Hara-kiri by the two political parties that have dominated American politics for over 100 years spells political instability for the long term.
As you have sown, so shall you reap. The Democrats have embraced corporations and corporate funding and an aggressive foreign policy so as to compete against as well as to neutralize (so they thought) Republicans. The result: Hillary is deeply compromised, owned by business interests and entrenched power brokers. Whether she can generate any true enthusiasm among rank-and-file Democrats this fall is more than questionable.
Meanwhile, the Republicans sowed so much fear, animosity, and bigotry that the crop has finally come in with Trump. Trump is more than willing to play to fear, to exploit animosity, and to tap bigotry, if that’s what it takes to win. That it’s working is a testimony to Trump’s keen instincts in knowing how to market himself to people who are desperate to “win,” even as they remain mystified as to why they’re losing. For them, Trump offers simple answers: you’re losing because of Mexicans, Muslims, and China. And the people like that because it absolves them of any blame for America’s decline.

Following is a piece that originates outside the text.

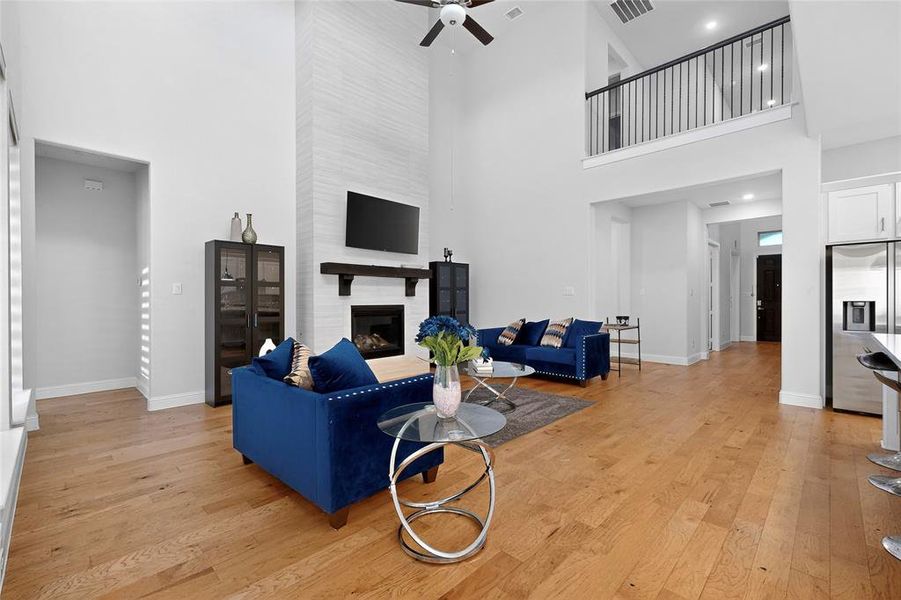 Living area featuring light wood-style floors, a fireplace, a high ceiling, and a ceiling fan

But I saw Hillary on TV today and her podium said, “Fighting for us,” so I know she’s on my side. Right.
I read a great characterization of You-Know-Her somewhere recently (I wish I could remember where):
“Like Richard Nixon only without the progressive social policies.”
What an incisive and priceless observation of the former Goldwater Girl, president of the Young Republicans at Wellesly College, otherwise known as the Madam Chiang-Kai-Shek finishing school for privileged debutantes.
And now she “fights for us?” I suppose the meaning of that phrase crucially depends on the meaning of “us”?
And yet…what is the alternative? Barring a real revolution, we are stuck with the Dems and the GOP for the indefinite future, pockets of instability (more anti-Federal government armed actions by militia types? Roving gangs attacking immigrants and perceived Muslims? How ugly might it get?). This year’s campaign is actually refreshing because a real choice actually is shaping up. We social critics have been bemoaning the difficulty of telling the Dems from the Republicans in recent election cycles. Mrs. Clinton is a most unappealing candidate for me, and I have vowed to not vote for her come hell or high water, but the ugly politics of Trump is genuinely distinguishing the GOP now. The choice will be between a tired old windbag spewing nonsense about how she fights for the common folks, and a Hitler wannabe blowhard spewing hate-based nonsense. And no, I don’t think the Hitler semi-analogy is inappropriate for the presumed GOP candidate.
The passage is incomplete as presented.